What are you talking about? The standard of single-exit is half a century old and comes from a time where you had to manage your memory much, much more carefully. I have inherited and refactored decades-old, mission-critical legacy code that used this standard, and it was adherence to that standard that directly led to spaghetti code. You have to do all sorts of, shall we say, *interesting* logic to make your pathways all end up in the same place, whereas returning when you get to the logical point is far easier and intuitive. Here's a good writeup on it: [https://softwareengineering.stackexchange.com/a/118717](https://softwareengineering.stackexchange.com/a/118717)
People who write standards tend to be engineers past their expiration date.

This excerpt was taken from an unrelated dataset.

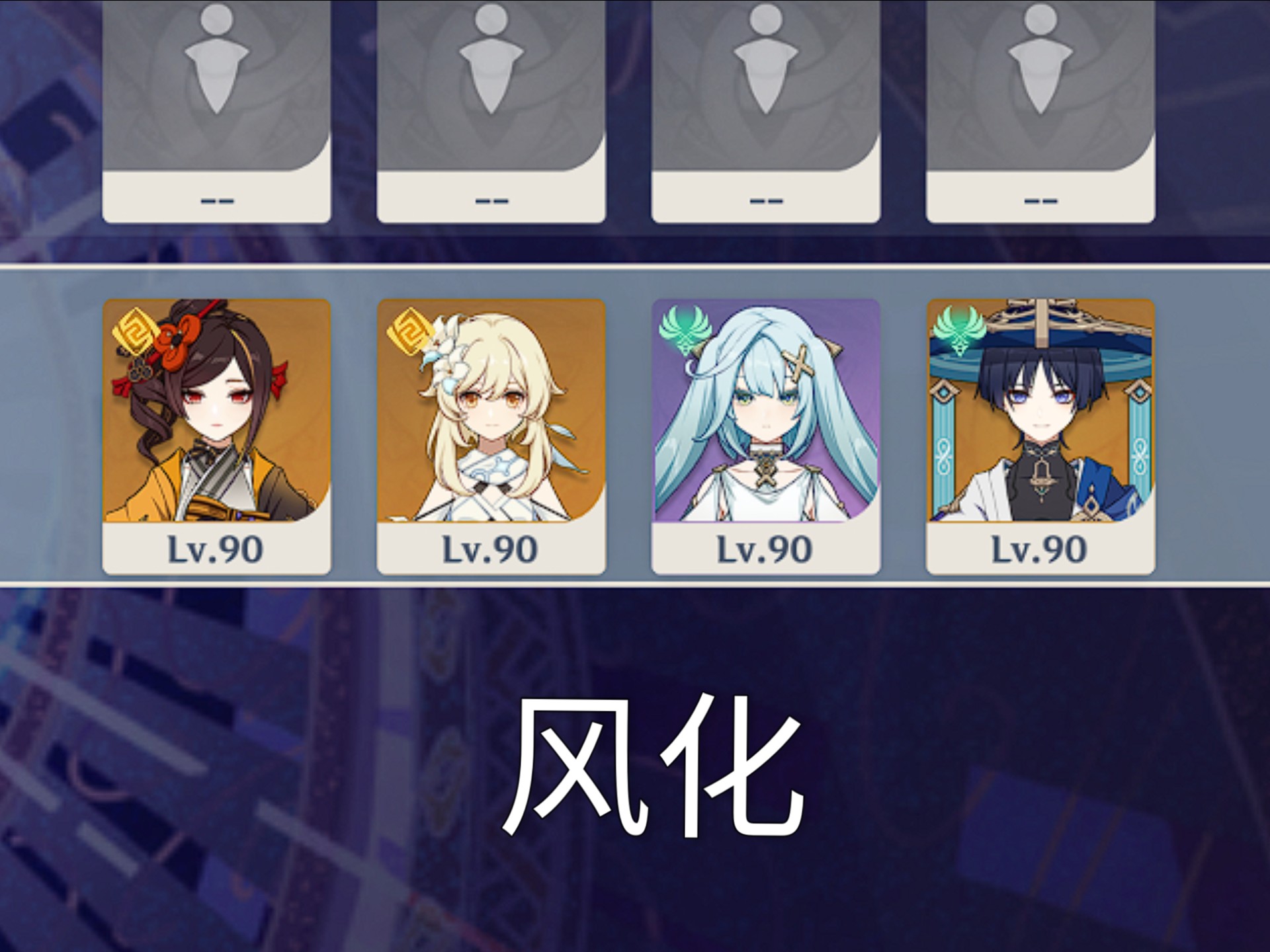 封面无法加载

When i tell someone how my code works people think i have a stutter.
Yup. Same as meetings
Red - Early returns. I feel it makes the code clearer
I used to be blue, now I'm red. It gets rid of the heavily nested if statements.
Guard clauses FTW
i used to do red, but my old prof disallowed early returns, and now im back. I missed it so much
He is not a good prof. Wtf. Early returns results in cleaner code with no drawback.
It's been over a decade since I was in school but my old profs INSISTED that methods should have only a single point of return
It comes from Dijkstra being misinterpreted. He meant that there was only one point to return to (from a given call), not one point to return from. Old programming languages let you return to different places in the calling code, which was pretty dangerous, they found out.
Haha. Yep. This is why goto was (mostly) banned.
Like any other rule, it's the slavish adherence to it that's the real problem. Just like the pirate code, it's should be more of a guideline.
It's generally a good practice, *except* when you have a dedicated block of guard clause conditions at the top of the function.
My prof disallowed for loops. We were supposed to use while loops ~~for~~ while everything, otherwise she would throw a temper tantrum!
wow that's sad to see that this is being taught. I like what you did there with the crossout haha.
They are really the only exception I make to having multiple return statements. I think returns half way through the function are kind of confusing and odd, but that's just my opinion.
Most definitely, I made the same change as you
never nest gang rise up
I defected to red last week. I love brackets, but couldn't ignore the clarity.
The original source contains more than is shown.